ROTC cadets, soldiers and veterans, as well as civilians, may register individually or as part of a four-member team. Registration can be completed online or by calling USI Outreach and Engagement at 812-464-1989. Early registration is recommended, as the event sells out quickly. ROTC cadets from any school can register for $25 and all other participants can register for $45. Registration will close on October 15 or when the event is full at 500 participants.

The Norwegian Foot March is sponsored by USI’s Student Veteran Association. Proceeds from the foot march enhance the training of the students in the USI ROTC Program.
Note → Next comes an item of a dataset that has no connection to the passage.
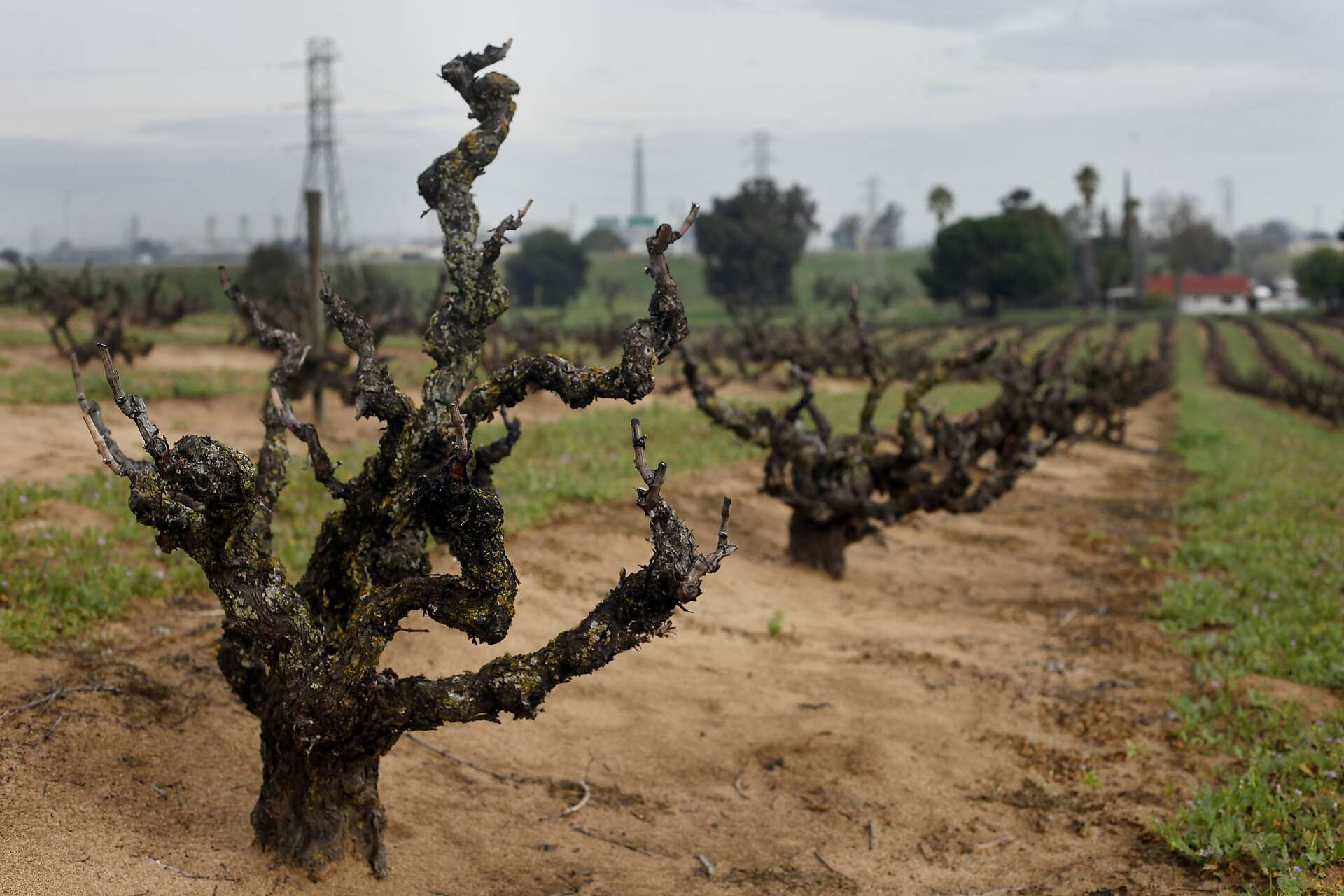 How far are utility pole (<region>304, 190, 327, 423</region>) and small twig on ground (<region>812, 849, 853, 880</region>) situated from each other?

Funds are used to cover costs associated with training, travel, team development and additional equipment. A canned food drive is also conducted in conjunction with the march. Participants are encouraged to use non-perishable food items as their required weight and donate them upon completion of the event. In 2018, nearly 1,000 pounds of food was donated to St. Vincent DePaul and the Evansville Veterans Center.

Those who complete the march within set guidelines will receive a Norwegian Foot March certificate and pin, which can be worn on service uniforms. The Norwegian Foot March is a boot camp tradition for Norwegian soldiers and is supported by Dr. Nils Johansen, retired Norwegian Artillery Reserve Officer, retired USI University Division advisor and adjunct instructor of geology and physics.